4. Now is the time to start smothering the grass, so you can prepare new beds. Get cardboard or thick layers of newspaper to cover the ground and mulch over to keep in place. Cut down bee balm, blanket flower, bearded iris, columbines and day lilies also.

5. Time to clean those terra cotta pots and store them inside (if left outdoors in the winter, they will surely crack). Do not panick if the inner needles on evergreens turn brown. It is normal for the older needles to do that before shedding. Also buy some candy at the grocery store, and hand it out to little superheros and princesses on Halloween!

Thank you Jessica Damiano for the original information. You can read more here. 

What to do in September

It’s September, school is starting back up again and fall weather is coming quickly. Here are some helpful tips to keep you on schedule for the month of September in your garden.
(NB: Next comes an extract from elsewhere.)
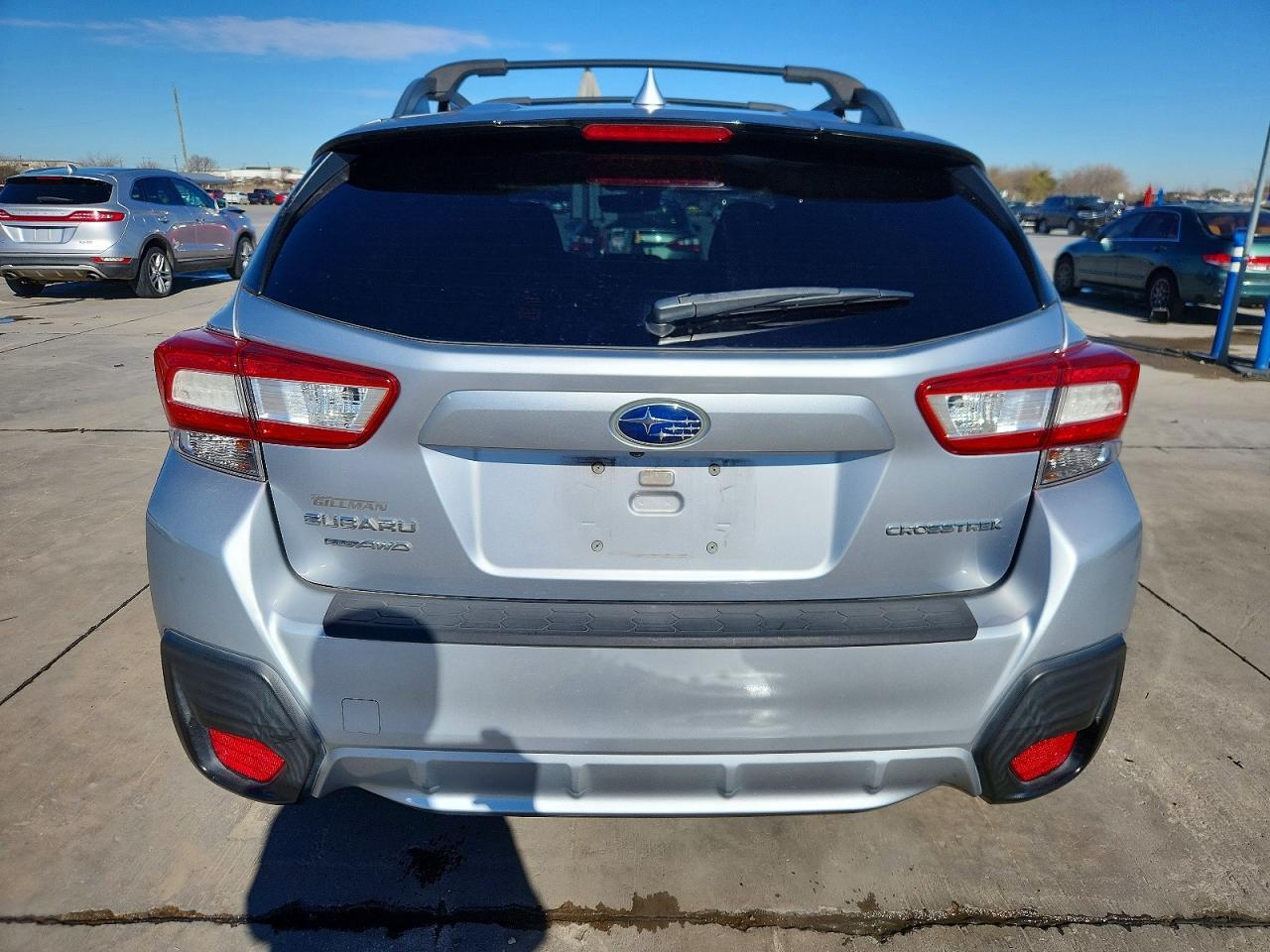 2019 Subaru Crosstrek Premium - Фото 6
1. Now is the time to reseed and/or renovate the lawn. Also now is the time to celebrate Labor Day! Sow your lettuce, cabbage, arugula, collards, kale, radishes, spinach, kohlrabi, Asian greens, mustard greens, cauliflower, broccoli and Brussel sprouts for the fall harvest. You can also plant ferns in shady garden beds and borders.

2.Test your soil and add lime if needed to correct the pH, it will work on the soil all winter long. If your tomato plants are still producing blossoms, remove them. We want the plant to focus solely on ripening the existing fruit. Do not prune your spring-flowering shrubs now or they will not bloom next year.

3. Time to harvest grapes! You can also stop deadheading roses, so the hips will form. You can either make tea with them (only if they are chemical free) or leave them on as an accent to the plant. You can also plant witch hazel, red-twig dogwood, deciduous holly and beauty berry for winter interest. Bring in those tender pond plants and keep them moist by a sunny window.

4. It is the official beginning of fall! You can use last summers crops that are left to make soup (go crazy!) Pot up those rosemary, chive and parsley plants from the garden and bring ’em indoors near a sunny window.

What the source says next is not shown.